The tutorial offers a brief overview of classical clustering techniques, and discusses recently developed clustering algorithms based on numerical linear algebra and nonlinear optimization tools. Those include, for example:

  • spectral clustering,
  • graph-based clustering algorithms,
  • SVD--based methods,
  • $k$-means like clustering algorithms,
  • Deterministic Annealing,
  • BIRCH,
to name just a few.

Often the quality of a partition is measured by an objective function associated with a proximity measure, and an optimal partition is one that optimizes the objective function. While finding the optimal solution to many clustering problems is known to be NP-hard, various estimates to optimal solutions and bounds for values of the associated objective functions are provided by spectral clustering methods (through relaxation), and nonlinear optimization techniques (through the dual optimization approach). A number of additional methods to assess clustering results, such as confusion matrix, classification accuracy, average purity, average entropy, mutual information and others will be presented.

Categorization of clustering algorithms is neither straightforward, nor canonical. Motivated by Text Mining and Information Retrieval applications, the tutorial aims to highlight advances in clustering large and high dimensional data sets.
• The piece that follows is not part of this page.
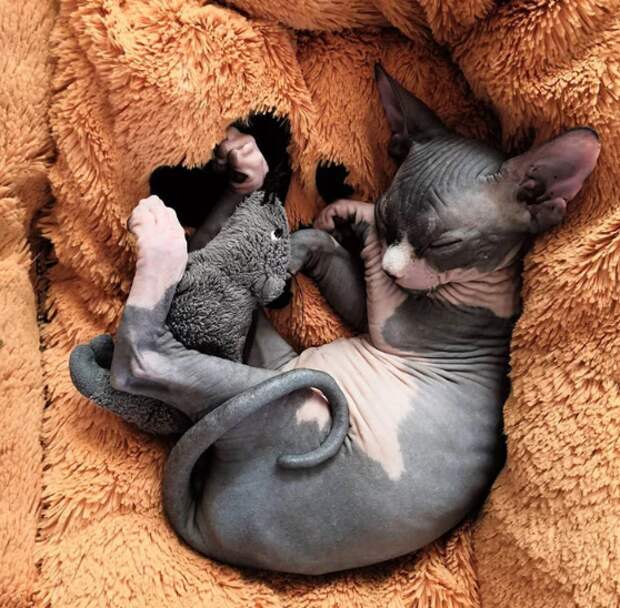 Фото © newans_sphynx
Vectors representing documents are typically very sparse, and it is the sparsity that permits the algorithms to be efficient.

We present clustering schemes, i.e., a sequence of clustering algorithms applied to the same data set, so that the output of algorithm $n$ becomes the input of algorithm $n+1$. As a particular example we consider SVD--based clustering algorithms followed by $k$-means like clustering algorithms. While the output of an SVD--based algorithm provides the initial partition for a $k$-means like algorithm, the $k$-means like algorithm further improves the output of the SVD--based algorithm. The algorithms complement and reinforce one another. Application of the clustering scheme improves the final partition. Computational complexity associated with applications clustering schemes will be discussed.

Similarity is fundamental to the definition of a cluster, and the introduction of a measure similarity (or proximity) between two patterns is essential for many clustering algorithms. While many of the classical clustering algorithms work with squared Euclidean distance, other distance-like functions may be more appropriate for text data. We shall present and discuss examples of different pattern proximity measures. In particular, we present recent clustering developments based on Bregman and Csiszar divergences.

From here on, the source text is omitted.